Soal biaya itulah yang menjadi pemikat si nuklir ini. Ahli Nuklir ITB, Prof. Dr. Zaki Su'ud menjelaskan bahwa PLTN penting jika sebuah negara mau menerapkan energi alternatif yang murah. Harga listrik yang dihasilkan dari PLTN hanya Rp200 per Kwh, jauh jika dibandingkan dengan harga listrik yang berasal dari pembangkit batu bara yang mencapai Rp670 per Kwh. Ia mencontohkan bagaimana China mensuport industrinya dengan membangun sekitar 140 reaktor, sehingga listrik di China bisa murah.
Jika Indonesia hendak membangun PLTN, ia menyarankan menggunakan standar keamanan tertinggi. Potensi rata-rata gempa bumi yang terjadi di Indonesia sekitar 7,0 Skala Rickher, karena itu pembangunan pembangkit nuklir mampu menahan gempa hingga 8,5 SR. Memang ada biaya yang harus dibayar lebih, namun tak seberapa bila dibandingkan dengan keamanan dan keselamatan manusia.
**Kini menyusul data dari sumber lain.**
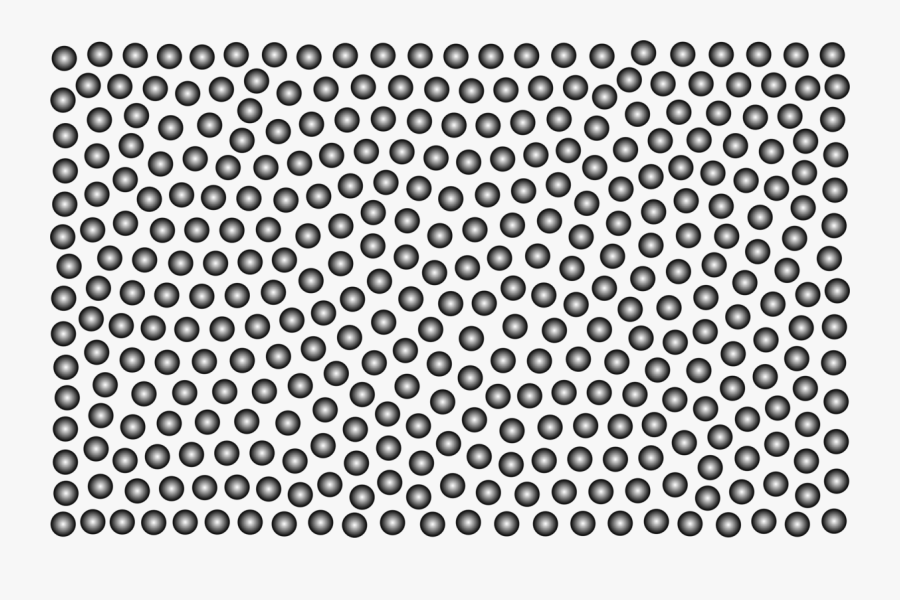 Dahlia,monochrome,line - Ashley Wilde Blue Fabric, Transparent Clipart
"Indonesia harus belajar dari kasus Chernobyl dan Three Mile Island di mana pernah terjadi kasus kebocoran radioaktif. Desain PLTN harus direkayasa kuat untuk mengantisipasi hal terburuk," jelasnya.
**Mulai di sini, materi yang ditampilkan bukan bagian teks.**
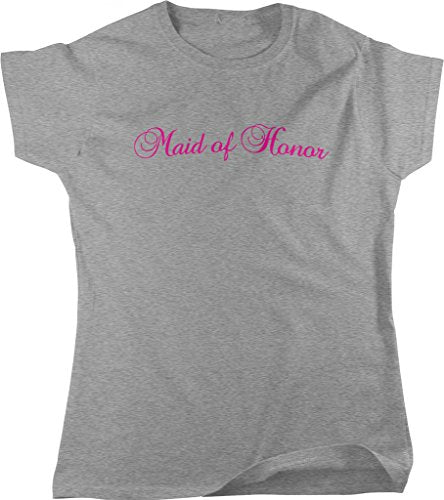 NOFO_00321_WomenTee_XL_LtGray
Sementara itu pakar Geodesi Institut Teknologi Bandung, Dr Irwan Mailano menjelaskan seluruh wilayah Jepang berada dalam zona gempa, namun 40 persen listrik di Jepang disuplai dari PLTN. "Prinsip membangun nuklir harus merekayasa desain agar PLTN menyesuaikan dengan kondisi gempa," kata dia.

Batalkan Rencana Itu
Belajar dari kasus Jepang, pakar fisika nuklir dari Tsukuba Jepang, Iwan Kurniawan menilai, rencana pembangunan PLTN di Indonesia harus segera dibatalkan. Indonesia dinilai belum siap untuk menangani masalah jika terjadi kebocoran nuklir.

"Kita nggak sanggup. Bencana di Aceh [tsunami] dan Yogyakarta [letusan Gunung Merapi] saja tidak sanggup ditangani. Itu debunya, wedhus gembel, kelihatan. Kalau nuklir tidak terlihat," ujar Iwan dalam diskusi bertajuk 'Gerakan Anti PLTN di Indonesia' di Jakarta, Rabu 16 Maret 2011.
Dari sisi teknologi, Iwan menegaskan, Jepang sangat jauh berada di atas Indonesia. Namun, saat menghadapi masalah kehancuran PLTN-nya saat ini, Jepang kewalahan. Apalagi Indonesia, yang menurut Iwan, tidak menguasai teknologi, khususnya nuklir. "Pengalaman kita adalah membeli. Jangan harap bisa menguasai teknologinya jika terus membeli. Indonesia tidak pernah mengembangkan teknologi apapun, tidak melakukan riset, maunya beli," tuturnya.
Jika didasari untuk pembangkit tenaga listrik, Iwan menyatakan, pemerintah harus lebih kreatif lagi untuk mencari sumber daya lain pengganti minyak. Menurutnya, bio diesel dan bio fuel sangat tepat dijadikan sumber energi listrik, ketimbang bertaruh nyawa untuk nuklir.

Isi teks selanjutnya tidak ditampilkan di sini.